Apenas tenía apetito, porque no comía cuando trabajaba, pero no quería desairarla y probaba algunos bocados. Había decidido aceptar su invitación, y ahora ya no podía echarse atrás.

Una hora antes, mientras cogía aquel pisapapeles con forma de ángel, la había oído llorar (comprendió que estaba algo borracha —las
caipirinhas
—). Ella le explicó que, aunque se alegraba de romper con Aldobrando, no podía evitar sentirse sola. ¿Le importaría quedarse a cenar con ella? La vio freír filetes, poner un mantel, encender velas, servir vino. Eran casi las doce de la noche. Tenía que haber terminado su trabajo mucho antes, pero seguía en aquella casa del acantilado, con la mujer, escuchando el mar, escuchándola.

—Me enamoré de Humberto porque me gustaban sus poemas.
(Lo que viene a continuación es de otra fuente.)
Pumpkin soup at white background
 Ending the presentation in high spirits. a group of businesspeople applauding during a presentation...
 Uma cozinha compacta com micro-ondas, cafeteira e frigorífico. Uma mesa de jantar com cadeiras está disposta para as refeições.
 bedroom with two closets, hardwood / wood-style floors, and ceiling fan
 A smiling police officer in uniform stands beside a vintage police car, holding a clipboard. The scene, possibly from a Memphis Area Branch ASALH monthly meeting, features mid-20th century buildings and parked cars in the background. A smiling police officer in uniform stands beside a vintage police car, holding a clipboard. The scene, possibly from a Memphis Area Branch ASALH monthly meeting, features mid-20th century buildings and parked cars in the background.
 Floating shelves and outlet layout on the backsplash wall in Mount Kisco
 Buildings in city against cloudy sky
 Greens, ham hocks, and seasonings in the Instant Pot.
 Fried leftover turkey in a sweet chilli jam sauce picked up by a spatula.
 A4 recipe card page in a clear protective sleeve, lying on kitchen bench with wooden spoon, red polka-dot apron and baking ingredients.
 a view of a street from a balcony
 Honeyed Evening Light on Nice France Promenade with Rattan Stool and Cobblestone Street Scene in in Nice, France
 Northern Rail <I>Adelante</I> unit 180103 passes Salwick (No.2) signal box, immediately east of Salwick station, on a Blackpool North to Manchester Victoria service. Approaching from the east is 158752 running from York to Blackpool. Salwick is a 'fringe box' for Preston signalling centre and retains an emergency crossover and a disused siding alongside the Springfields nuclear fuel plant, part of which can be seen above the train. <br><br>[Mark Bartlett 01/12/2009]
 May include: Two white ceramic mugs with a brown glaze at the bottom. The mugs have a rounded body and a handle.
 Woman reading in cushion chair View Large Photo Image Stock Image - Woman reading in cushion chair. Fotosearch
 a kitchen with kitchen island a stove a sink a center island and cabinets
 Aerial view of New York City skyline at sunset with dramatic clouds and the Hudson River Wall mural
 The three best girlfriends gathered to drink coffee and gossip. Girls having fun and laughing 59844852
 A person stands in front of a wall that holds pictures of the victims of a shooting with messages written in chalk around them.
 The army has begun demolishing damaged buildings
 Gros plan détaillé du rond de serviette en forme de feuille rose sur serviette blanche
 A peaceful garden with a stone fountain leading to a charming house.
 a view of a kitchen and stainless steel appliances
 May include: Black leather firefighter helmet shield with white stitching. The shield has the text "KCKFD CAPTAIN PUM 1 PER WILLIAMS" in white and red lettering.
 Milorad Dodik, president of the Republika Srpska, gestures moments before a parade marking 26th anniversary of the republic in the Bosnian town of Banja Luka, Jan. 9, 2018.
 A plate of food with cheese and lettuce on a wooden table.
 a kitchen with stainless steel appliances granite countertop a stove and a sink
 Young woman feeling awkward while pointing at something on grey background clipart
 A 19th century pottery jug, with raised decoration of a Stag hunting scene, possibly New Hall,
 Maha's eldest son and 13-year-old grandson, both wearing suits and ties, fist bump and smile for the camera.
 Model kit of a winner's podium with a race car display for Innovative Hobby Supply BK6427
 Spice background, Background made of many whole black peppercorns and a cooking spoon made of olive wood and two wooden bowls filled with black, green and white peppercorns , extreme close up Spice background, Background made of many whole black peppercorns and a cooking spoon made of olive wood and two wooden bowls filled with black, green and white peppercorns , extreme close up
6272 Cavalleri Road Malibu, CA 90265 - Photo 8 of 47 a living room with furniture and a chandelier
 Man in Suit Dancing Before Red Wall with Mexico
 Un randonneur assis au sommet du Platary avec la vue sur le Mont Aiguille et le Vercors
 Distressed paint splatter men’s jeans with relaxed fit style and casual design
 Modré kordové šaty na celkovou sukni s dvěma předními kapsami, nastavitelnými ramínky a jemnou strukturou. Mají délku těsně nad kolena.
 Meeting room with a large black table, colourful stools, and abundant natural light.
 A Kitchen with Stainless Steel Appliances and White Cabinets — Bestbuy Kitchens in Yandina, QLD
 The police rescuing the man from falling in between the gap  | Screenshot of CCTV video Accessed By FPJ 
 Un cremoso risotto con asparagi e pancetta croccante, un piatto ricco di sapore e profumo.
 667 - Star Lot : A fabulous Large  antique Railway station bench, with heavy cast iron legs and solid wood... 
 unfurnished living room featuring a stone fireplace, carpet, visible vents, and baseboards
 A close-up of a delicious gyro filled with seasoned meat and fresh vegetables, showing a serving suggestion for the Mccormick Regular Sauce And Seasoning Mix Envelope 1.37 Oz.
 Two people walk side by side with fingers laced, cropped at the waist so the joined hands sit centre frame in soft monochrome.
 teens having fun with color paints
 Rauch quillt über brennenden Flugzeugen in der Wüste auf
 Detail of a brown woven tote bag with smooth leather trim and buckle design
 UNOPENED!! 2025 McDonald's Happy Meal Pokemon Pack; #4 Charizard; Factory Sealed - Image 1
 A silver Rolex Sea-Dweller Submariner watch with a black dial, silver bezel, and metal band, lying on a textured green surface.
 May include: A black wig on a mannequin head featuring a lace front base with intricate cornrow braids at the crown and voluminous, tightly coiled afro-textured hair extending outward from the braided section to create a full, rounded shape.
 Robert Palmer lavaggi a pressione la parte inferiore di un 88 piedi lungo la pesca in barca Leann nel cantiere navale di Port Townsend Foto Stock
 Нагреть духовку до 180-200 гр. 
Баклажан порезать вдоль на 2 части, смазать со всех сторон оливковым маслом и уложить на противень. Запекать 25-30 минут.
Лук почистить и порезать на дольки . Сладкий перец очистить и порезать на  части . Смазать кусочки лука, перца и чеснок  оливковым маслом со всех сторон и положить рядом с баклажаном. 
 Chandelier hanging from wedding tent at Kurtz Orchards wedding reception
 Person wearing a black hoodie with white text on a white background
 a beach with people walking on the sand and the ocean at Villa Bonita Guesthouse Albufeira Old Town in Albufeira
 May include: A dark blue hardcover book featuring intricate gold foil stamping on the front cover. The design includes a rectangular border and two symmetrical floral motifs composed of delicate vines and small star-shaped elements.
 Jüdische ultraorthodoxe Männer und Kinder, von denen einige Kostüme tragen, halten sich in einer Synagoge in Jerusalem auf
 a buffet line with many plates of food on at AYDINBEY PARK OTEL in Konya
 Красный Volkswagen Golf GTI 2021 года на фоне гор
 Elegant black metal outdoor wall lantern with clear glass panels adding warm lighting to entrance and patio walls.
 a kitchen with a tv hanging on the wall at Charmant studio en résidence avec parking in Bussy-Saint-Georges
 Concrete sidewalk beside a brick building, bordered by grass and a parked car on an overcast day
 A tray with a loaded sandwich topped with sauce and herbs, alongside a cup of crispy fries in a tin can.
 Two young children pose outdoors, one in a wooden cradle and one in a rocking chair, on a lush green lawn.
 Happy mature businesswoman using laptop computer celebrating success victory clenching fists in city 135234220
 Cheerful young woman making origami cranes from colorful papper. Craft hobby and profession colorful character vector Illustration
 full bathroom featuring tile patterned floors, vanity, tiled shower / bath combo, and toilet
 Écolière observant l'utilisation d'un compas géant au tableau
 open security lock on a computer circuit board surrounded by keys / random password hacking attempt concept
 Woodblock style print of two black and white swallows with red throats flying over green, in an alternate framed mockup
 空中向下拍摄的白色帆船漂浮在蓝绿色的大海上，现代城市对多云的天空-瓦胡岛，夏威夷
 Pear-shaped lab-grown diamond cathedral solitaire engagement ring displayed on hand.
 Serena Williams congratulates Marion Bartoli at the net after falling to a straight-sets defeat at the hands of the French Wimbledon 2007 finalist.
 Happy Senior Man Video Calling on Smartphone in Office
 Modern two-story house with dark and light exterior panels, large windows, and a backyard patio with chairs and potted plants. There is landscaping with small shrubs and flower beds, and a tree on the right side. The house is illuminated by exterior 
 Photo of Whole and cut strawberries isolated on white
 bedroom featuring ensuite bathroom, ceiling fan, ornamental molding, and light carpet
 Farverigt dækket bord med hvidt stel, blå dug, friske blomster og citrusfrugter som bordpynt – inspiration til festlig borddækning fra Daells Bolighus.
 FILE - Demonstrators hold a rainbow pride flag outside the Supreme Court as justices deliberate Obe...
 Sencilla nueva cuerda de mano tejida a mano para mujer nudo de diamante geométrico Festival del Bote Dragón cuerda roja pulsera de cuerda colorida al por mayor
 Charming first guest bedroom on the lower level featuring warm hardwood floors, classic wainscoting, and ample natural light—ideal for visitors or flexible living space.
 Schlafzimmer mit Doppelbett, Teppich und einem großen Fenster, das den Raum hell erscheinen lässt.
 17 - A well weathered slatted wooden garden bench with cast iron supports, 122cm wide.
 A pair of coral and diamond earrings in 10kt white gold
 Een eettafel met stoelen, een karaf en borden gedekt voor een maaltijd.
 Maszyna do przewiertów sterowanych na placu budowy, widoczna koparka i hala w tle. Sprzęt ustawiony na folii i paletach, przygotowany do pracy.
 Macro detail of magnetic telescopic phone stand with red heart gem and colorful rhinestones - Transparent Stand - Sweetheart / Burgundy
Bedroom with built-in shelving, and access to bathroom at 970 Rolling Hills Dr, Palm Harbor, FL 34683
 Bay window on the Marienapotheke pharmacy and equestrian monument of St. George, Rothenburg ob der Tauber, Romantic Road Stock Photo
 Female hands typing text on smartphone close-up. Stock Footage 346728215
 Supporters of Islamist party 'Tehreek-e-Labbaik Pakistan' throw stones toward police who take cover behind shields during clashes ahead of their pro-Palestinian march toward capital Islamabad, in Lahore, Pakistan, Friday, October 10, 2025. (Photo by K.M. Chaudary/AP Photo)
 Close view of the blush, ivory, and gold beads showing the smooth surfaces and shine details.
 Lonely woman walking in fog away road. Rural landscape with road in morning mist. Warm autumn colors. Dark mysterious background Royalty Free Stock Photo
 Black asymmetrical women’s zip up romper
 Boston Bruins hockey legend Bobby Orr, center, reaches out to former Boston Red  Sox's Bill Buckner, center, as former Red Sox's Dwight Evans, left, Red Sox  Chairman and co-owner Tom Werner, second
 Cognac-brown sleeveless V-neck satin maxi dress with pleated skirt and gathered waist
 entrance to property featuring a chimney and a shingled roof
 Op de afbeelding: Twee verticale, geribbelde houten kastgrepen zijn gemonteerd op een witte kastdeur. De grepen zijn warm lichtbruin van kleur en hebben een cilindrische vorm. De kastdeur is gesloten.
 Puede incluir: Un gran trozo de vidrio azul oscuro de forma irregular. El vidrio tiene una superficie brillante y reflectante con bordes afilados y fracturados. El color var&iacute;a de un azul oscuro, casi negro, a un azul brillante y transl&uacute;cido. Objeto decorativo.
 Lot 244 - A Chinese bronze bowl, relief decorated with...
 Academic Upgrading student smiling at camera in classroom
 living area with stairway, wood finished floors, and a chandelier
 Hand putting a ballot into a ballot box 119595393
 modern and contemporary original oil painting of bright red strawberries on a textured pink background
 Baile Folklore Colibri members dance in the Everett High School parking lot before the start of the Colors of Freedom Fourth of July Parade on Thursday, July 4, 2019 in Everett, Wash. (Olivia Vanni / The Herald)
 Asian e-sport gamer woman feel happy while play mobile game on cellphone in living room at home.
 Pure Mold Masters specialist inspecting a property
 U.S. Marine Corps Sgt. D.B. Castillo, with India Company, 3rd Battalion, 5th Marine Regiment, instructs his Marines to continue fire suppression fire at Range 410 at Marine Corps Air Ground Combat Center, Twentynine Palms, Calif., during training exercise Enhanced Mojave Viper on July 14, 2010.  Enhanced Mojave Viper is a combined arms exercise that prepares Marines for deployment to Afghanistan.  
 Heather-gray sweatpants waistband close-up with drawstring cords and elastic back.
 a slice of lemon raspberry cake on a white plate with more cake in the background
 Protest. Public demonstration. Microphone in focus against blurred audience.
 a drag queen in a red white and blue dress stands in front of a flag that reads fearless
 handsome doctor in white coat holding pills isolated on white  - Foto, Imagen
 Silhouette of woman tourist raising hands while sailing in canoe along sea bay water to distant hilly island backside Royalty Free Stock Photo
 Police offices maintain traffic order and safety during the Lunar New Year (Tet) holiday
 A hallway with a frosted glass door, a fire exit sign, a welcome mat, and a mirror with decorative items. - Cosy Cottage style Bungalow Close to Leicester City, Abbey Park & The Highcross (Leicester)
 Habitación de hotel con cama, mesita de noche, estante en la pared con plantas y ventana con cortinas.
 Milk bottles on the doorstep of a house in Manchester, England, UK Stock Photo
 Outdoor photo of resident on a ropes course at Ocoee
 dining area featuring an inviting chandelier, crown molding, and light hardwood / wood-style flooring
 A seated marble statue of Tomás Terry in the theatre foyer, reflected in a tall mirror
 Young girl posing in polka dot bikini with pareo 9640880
Era joven y virgen, también algo idiota
. Virum non conosco
. —Parecía estar hablándole a la copa, y seguro que la copa (pensaba Quirós) la entendía más que él—. Y él era rico, guapo y poeta. Aunque no me creas, fue lo de poeta lo que más me atrajo. Ser poeta lo convertía, a mis ojos, en un príncipe de cuento. Además, se le notaba entusiasmo. Me decía que quería escribir lo que de verdad tenía por dentro. Por dentro era otro, decía. Y tenía razón. No me dejaba ir nunca a aquella casa en el campo. Un día que él no estaba, me entró curiosidad. Hallé un sótano. Encontré las cámaras, los focos, el escenario, el suelo manchado... Luego descubrí las cintas de vídeo. Al salir llamé a mi abogado y pedí el divorcio. —Bebió al mismo tiempo que lloraba, de manera que a Quirós le pareció que las lágrimas caían en la copa y regresaban, sin pausa, hacia sus ojos—. Hijo de puta. No sólo había adolescentes: a veces niñas de corta edad... Eso era lo que tenía por dentro. —Miró a Quirós—. ¿Por qué trabaja usted para él? ¿Por qué trabaja para gente así? Parece usted buena persona. Emana de su mirada una autoridad bondadosa. ¿Por qué trabaja para degenerados como Aldobrando?

Quirós, que no esperaba tener que hablar, se trabucó.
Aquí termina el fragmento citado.